A sitemap.xml file is a machine-readable list of URLs on a website, published in the sitemaps.org 0.9 XML format. Search engines fetch it to discover URLs they may not have found by following links. Every well-maintained site publishes one at the root of its domain so crawlers can index efficiently.
What is the difference between a sitemap and a sitemap index?
A sitemap is a single XML file listing up to 50,000 URLs. A sitemap index is a parent file that lists multiple child sitemaps (sitemap.xml pointing to blog-sitemap.xml, product-sitemap.xml, news-sitemap.xml). Large sites use indexes because the per-file URL cap forces them to split the content across many sitemap files.
Why extract URLs from a sitemap?
It is the fastest way to get a complete URL list from any site you do not own: for competitive content research, content-gap analysis, internal-linking audits before a redesign, broken-link checks on a freshly relaunched site, or pulling the URL set for a topical-cluster reconnaissance report.
Can I extract URLs from a site that does not publish a sitemap?

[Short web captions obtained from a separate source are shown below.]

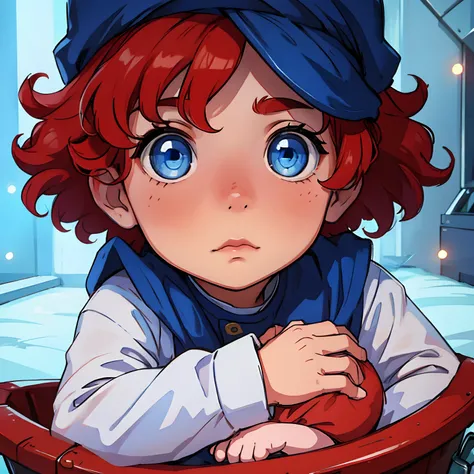 Newborn Boy. Blue Eyes. Red Curly Hair. Baby. Alone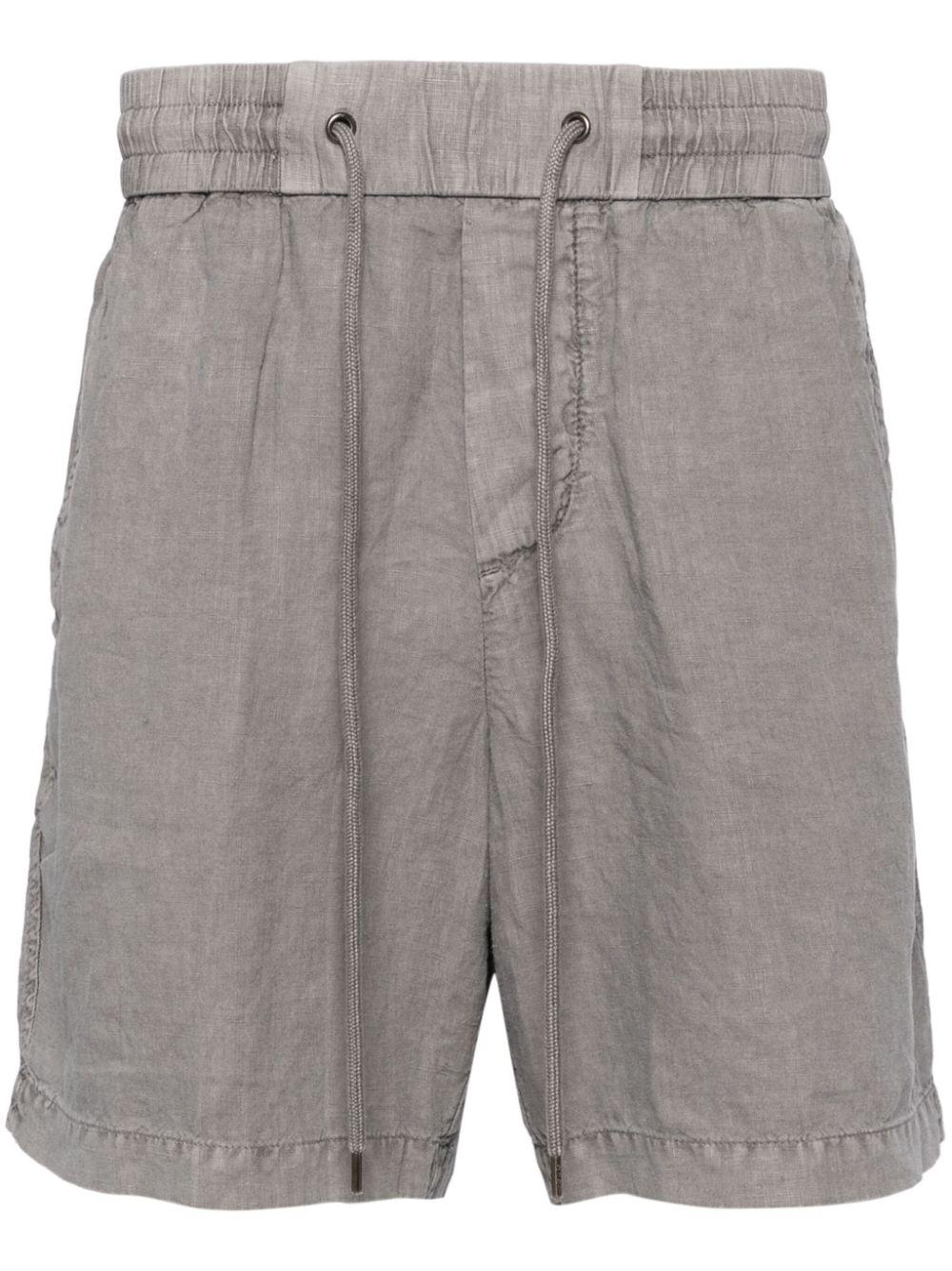 straight-leg linen shorts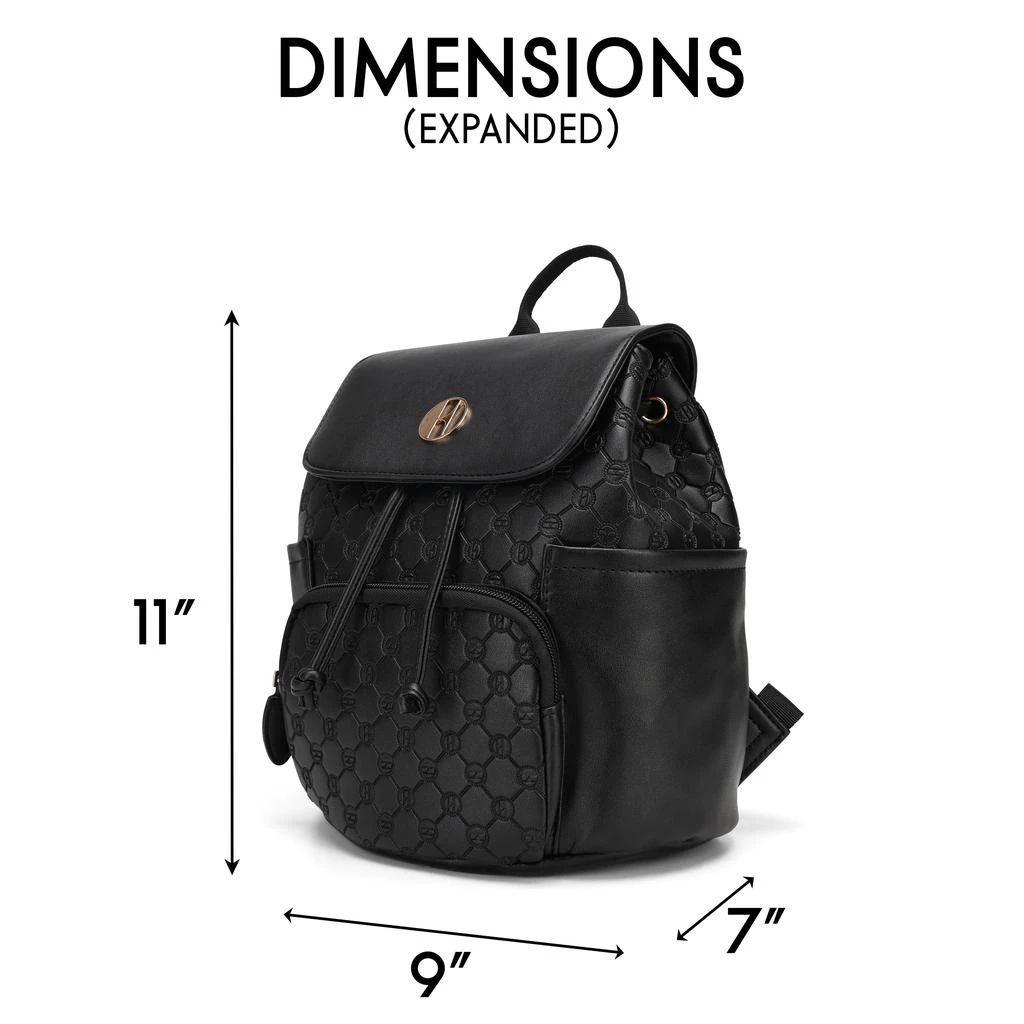ELLE Compass 10L Vegan Leather Monogram Mini Backpack | Black 6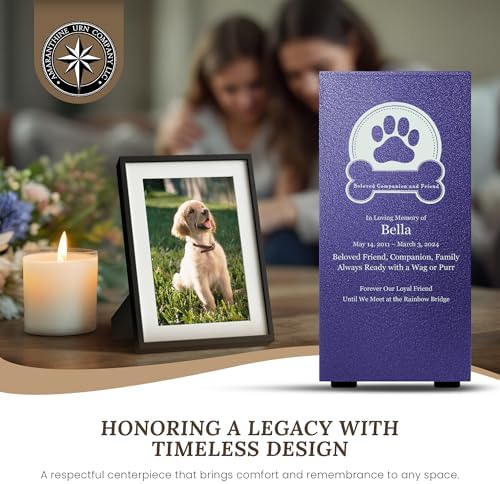 Elegant Customizable Cremation Urn for Pets - Dog Badge with Base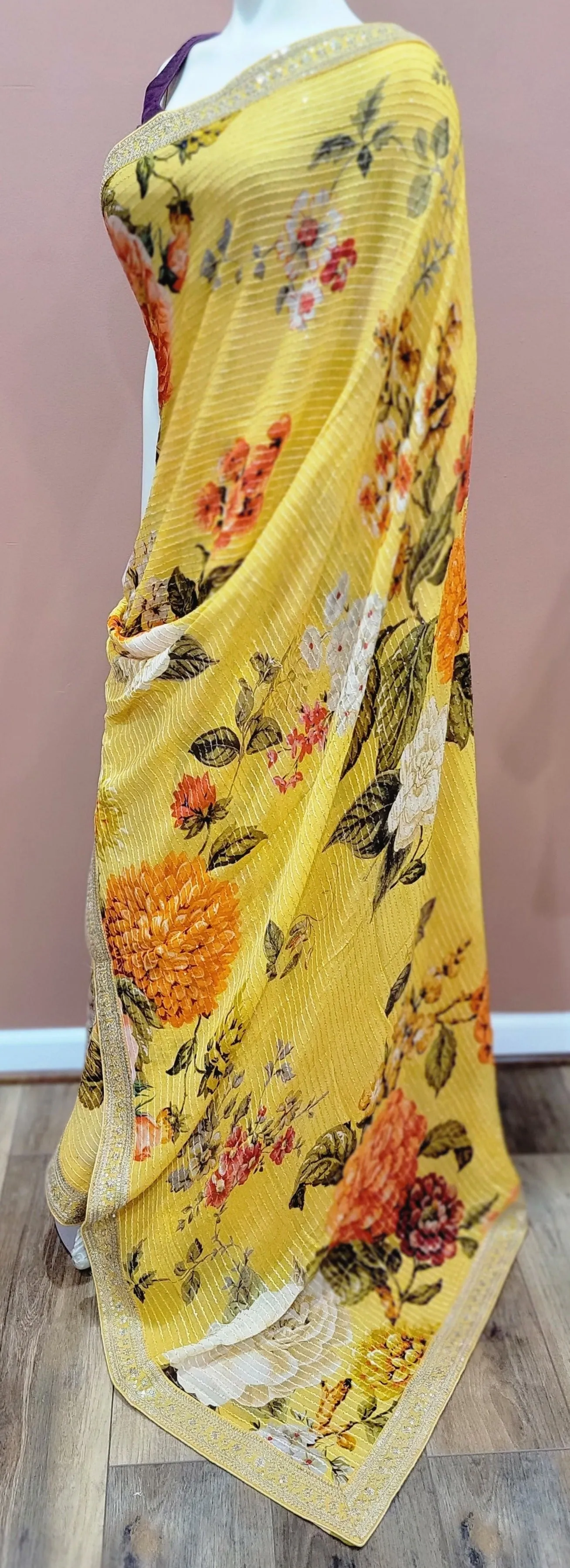 Georgette Sequence Saree w/ Blouse in Variations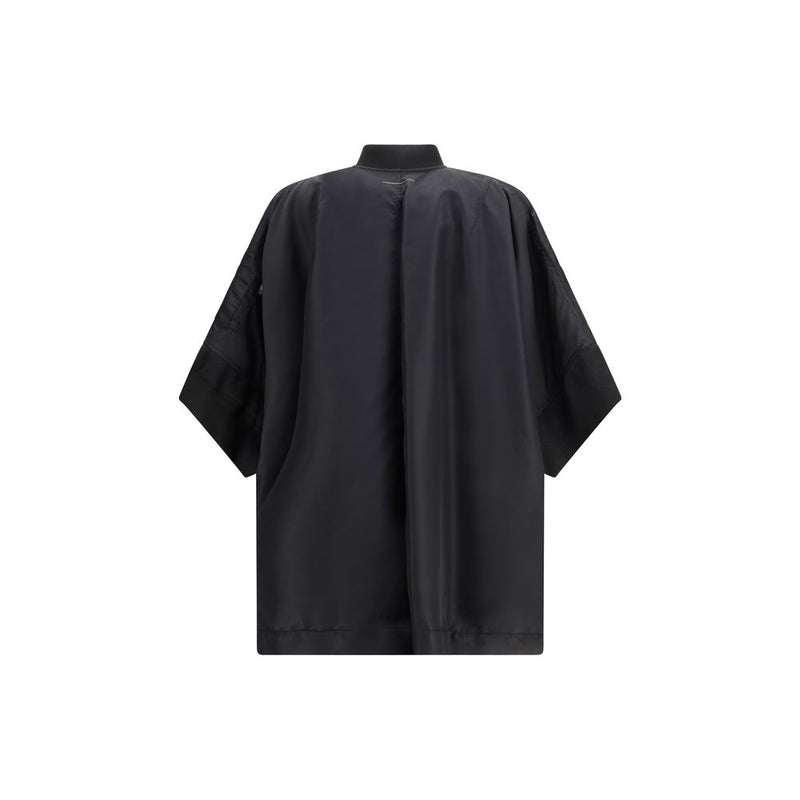 MM6 Black Polyamide Cloak - Stylish and Functional Outerwear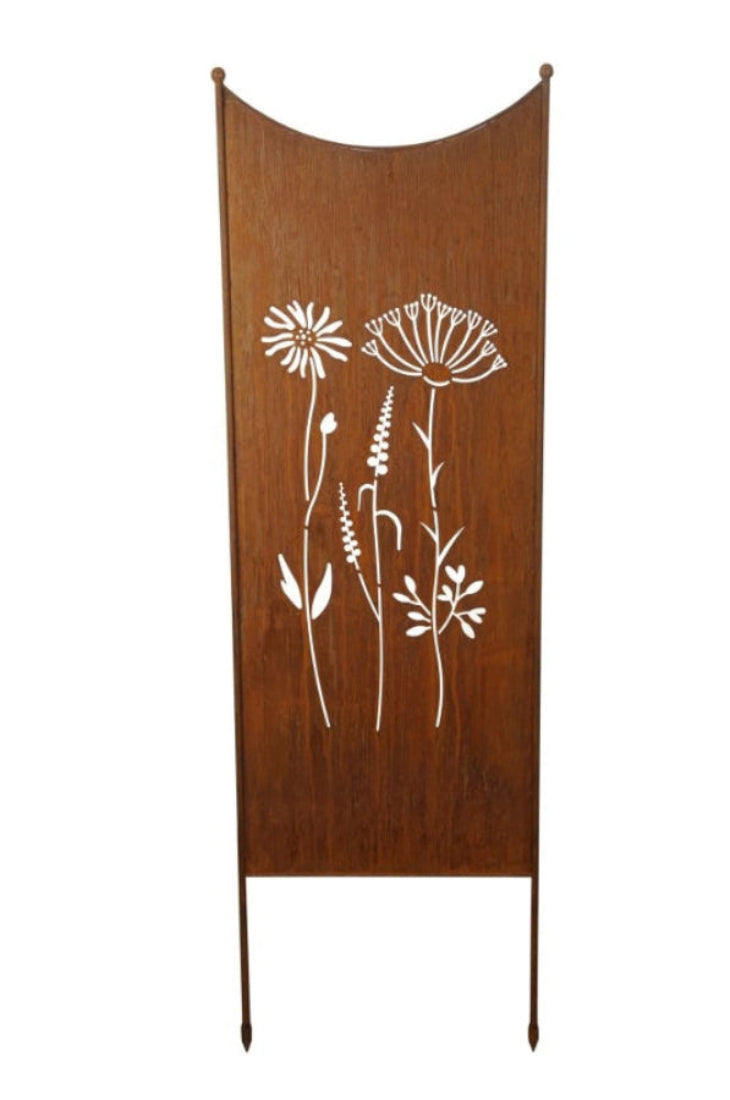 Stele Metall Edelrost Sichtschutz "Wildblume" Windschutz in 2 Größen wählbar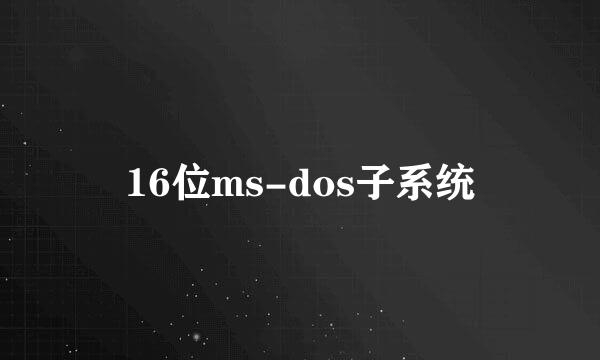 16位ms-dos子系统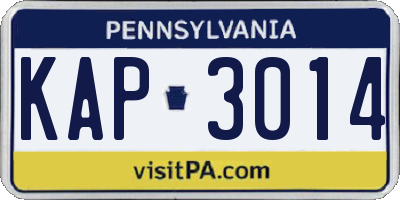 PA license plate KAP3014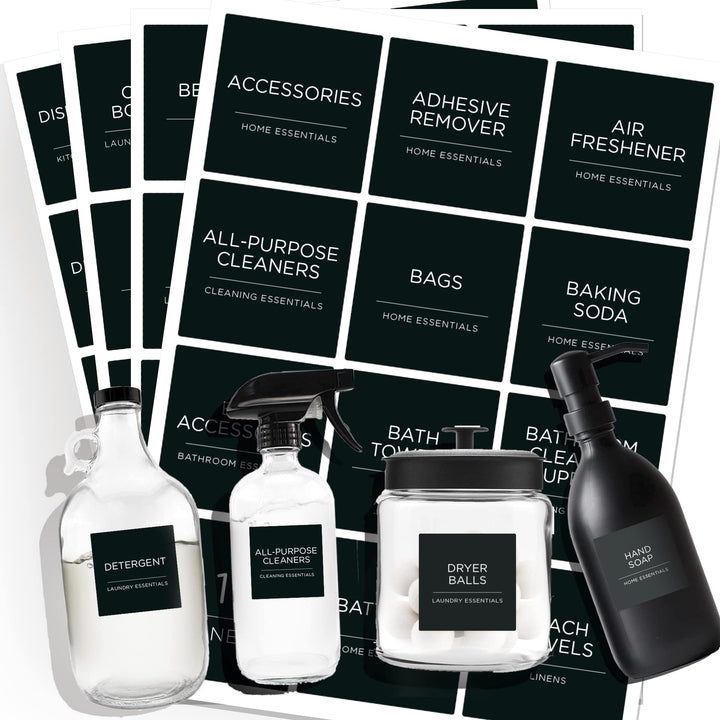 144 PCS Minimalist Laundry Room Labels Set, Water Resistant Stickers,Water/Oil Resistant Stickers for Laundry Room, Linen Closet Home Bathroom and The Beauty Organization(Black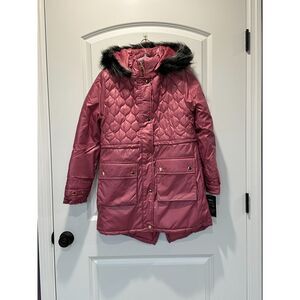 NWT London Fog Dusty Pink Quilted Faux Fur Puffer Coat Girl's Large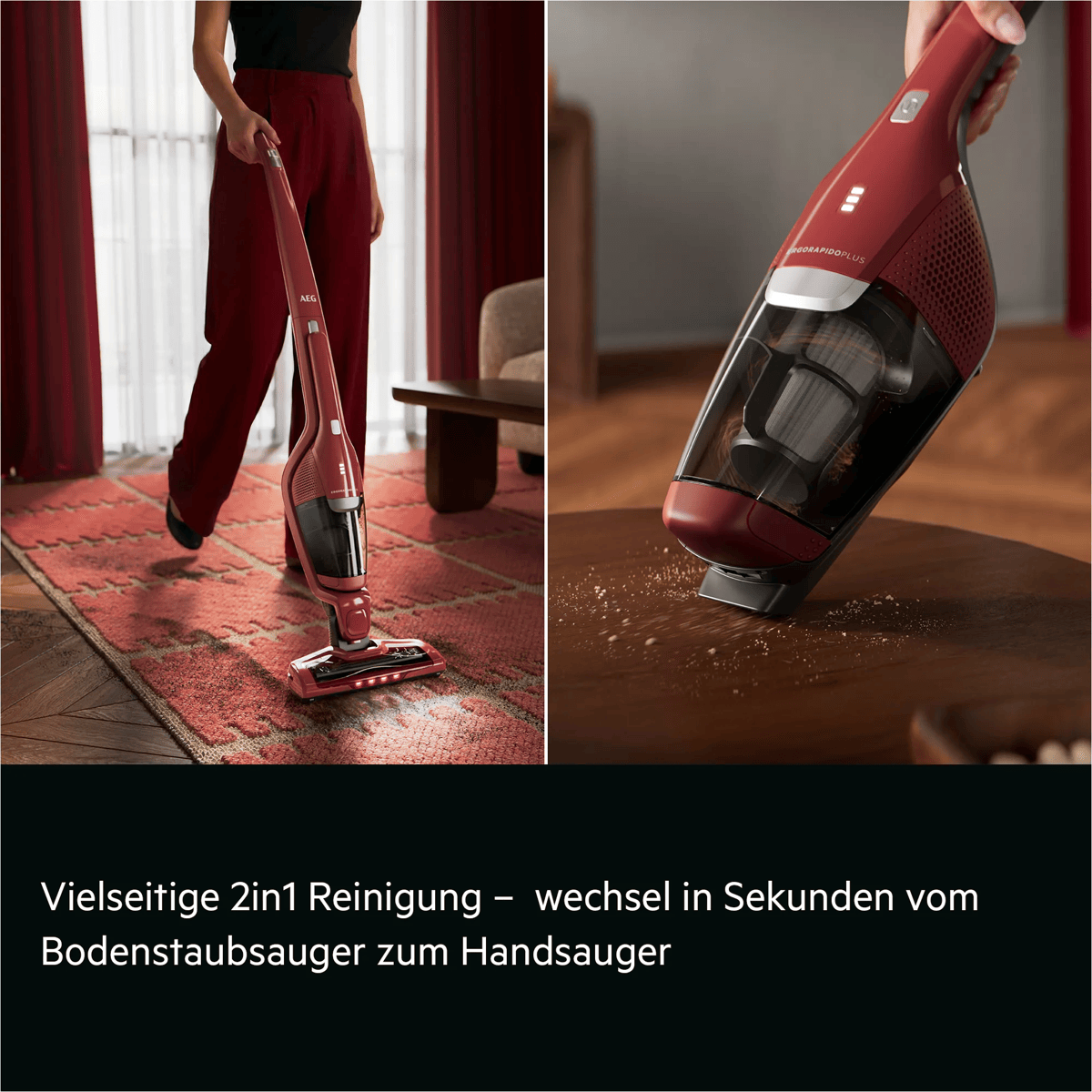 Eine Person benutzt einen roten 2-in-1-Staubsauger auf einem Teppich und einem Holztisch.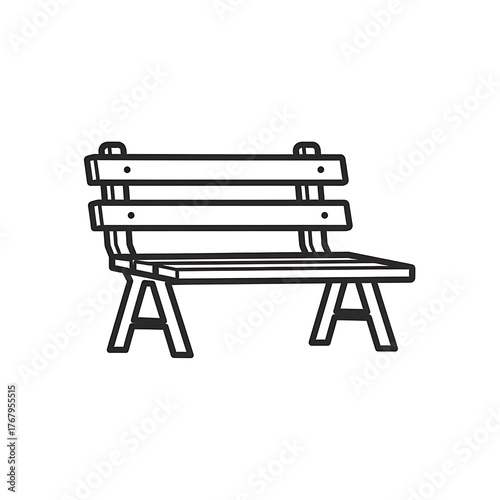 Simple Park Bench Illustration - A Minimalist Outdoor Seating Design.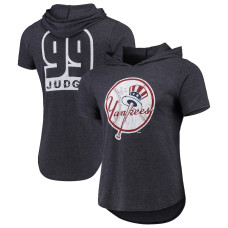 Aaron Judge New York Yankees Majestic Threads Softhand Short Sleeve Player Hoodie T-Shirt - Navy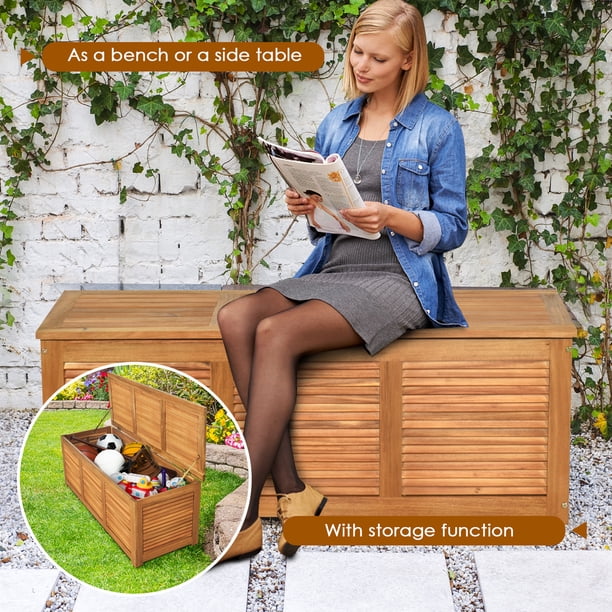 Gymax Acacia Wood Deck Box 46 Gallon Garden Backyard Storage Bench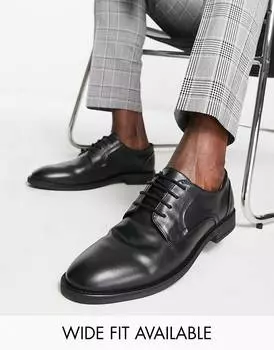 Черные кожаные туфли дерби ASOS DESIGN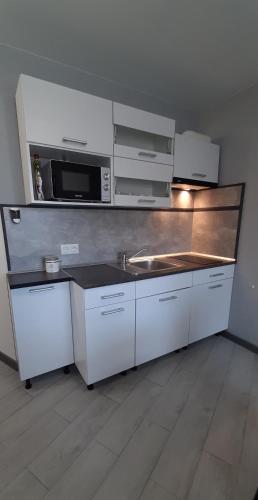 a kitchen with a sink and a microwave at Lux GUEST HOUSЕ МUKACHEVO in Mukacheve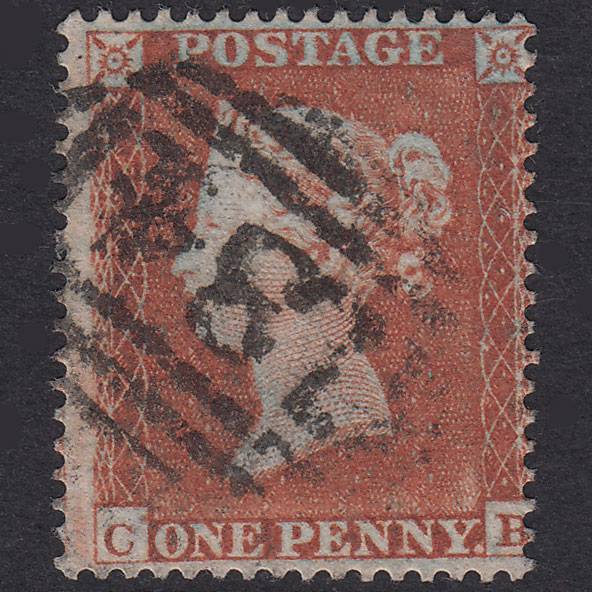 GB QV 1854 1d Red-Brown Plate 176 SG17-C1(1) CB FU Bristol 134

Not with this tool. If the target site has no sitemap at the conventional locations (/sitemap.xml, /sitemap_index.xml, or declared in robots.txt), you need a crawler instead. Use our Site Audit Pro or any general web crawler to discover URLs by following internal links. To build a missing sitemap, run our Sitemap Generator on the same domain.
How do I find a site's sitemap URL?
Try /sitemap.xml or /sitemap_index.xml at the root of the domain first. If neither resolves, fetch the robots.txt file (/robots.txt) and look for a Sitemap directive line that points to the actual sitemap path. Most CMS platforms publish at the conventional locations by default.
What does the path-prefix breakdown show?
It counts URLs by their path prefix (/blog/, /products/, /docs/) so you can see at a glance how the site distributes content across sections. A site with 80 percent of its URLs under /blog/ is a content-led business. A site with 80 percent under /products/ is an e-commerce site. Useful for sizing a competitor in seconds.
Does it follow sitemap nesting more than one level deep?
Yes, to any practical depth. The extractor recursively follows every sitemap index link until it reaches leaf sitemaps containing actual URL entries. Most real sites only nest one level, but the tool handles deeper nesting transparently.
Can I export the URL list?
The free tier shows the URL list in the browser, ready to copy. SBMM Pro adds direct CSV download, JSON export, and the ability to diff two sitemap extracts to see which URLs were added or removed between two crawls.